I adapted this code from the examples/encoding_examples.py file to use a pipeline. cross_val_score fail with the error at the end of this post
import pandas as pd
import numpy as np
from sklearn import cross_validation, linear_model, model_selection
import category_encoders
from examples.source_data.loaders import get_mushroom_data, get_cars_data, get_splice_data
from sklearn.pipeline import make_pipeline
X, y, mapping = get_mushroom_data()
t = category_encoders.BinaryEncoder(handle_unknown = "ignore")
mypipeline = make_pipeline(t, linear_model.LogisticRegression())

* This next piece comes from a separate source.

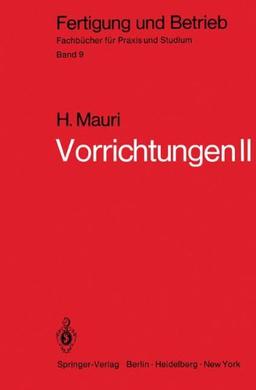 Vorrichtungen II: Reine Spannvorrichtungen, Bohrspannvorrichtungen, Arbeitsvorrichtungen, Prüfvorrichtungen, Fehler (Fertigung und Betrieb)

cross_validation.cross_val_score(mypipeline, X, y, n_jobs=1, cv=5)
Abridged List of packages installed
- numpy 1.14.0 py36h4a99626_1
- pandas 0.22.0 py36h6538335_0
- python 3.6.4 h6538335_1
- scikit-learn 0.19.1 py36h53aea1b_0
ERROR
ValueError Traceback (most recent call last)
in ()
10 mypipeline = make_pipeline(t, linear_model.LogisticRegression())
11
---> 12 cross_validation.cross_val_score(mypipeline, X, y, n_jobs=1, cv=5)
13
14
C:\Anaconda3\lib\site-packages\sklearn\cross_validation.py in cross_val_score(estimator, X, y, scoring, cv, n_jobs, verbose, fit_params, pre_dispatch)
1579 train, test, verbose, None,
1580 fit_params)
-> 1581 for train, test in cv)
1582 return np.array(scores)[:, 0]
1583
C:\Anaconda3\lib\site-packages\sklearn\externals\joblib\parallel.py in call(self, iterable)
777 # was dispatched. In particular this covers the edge
778 # case of Parallel used with an exhausted iterator.
--> 779 while self.dispatch_one_batch(iterator):
780 self._iterating = True
781 else:
C:\Anaconda3\lib\site-packages\sklearn\externals\joblib\parallel.py in dispatch_one_batch(self, iterator)
623 return False
624 else:
--> 625 self._dispatch(tasks)
626 return True
627
C:\Anaconda3\lib\site-packages\sklearn\externals\joblib\parallel.py in _dispatch(self, batch)
586 dispatch_timestamp = time.time()
587 cb = BatchCompletionCallBack(dispatch_timestamp, len(batch), self)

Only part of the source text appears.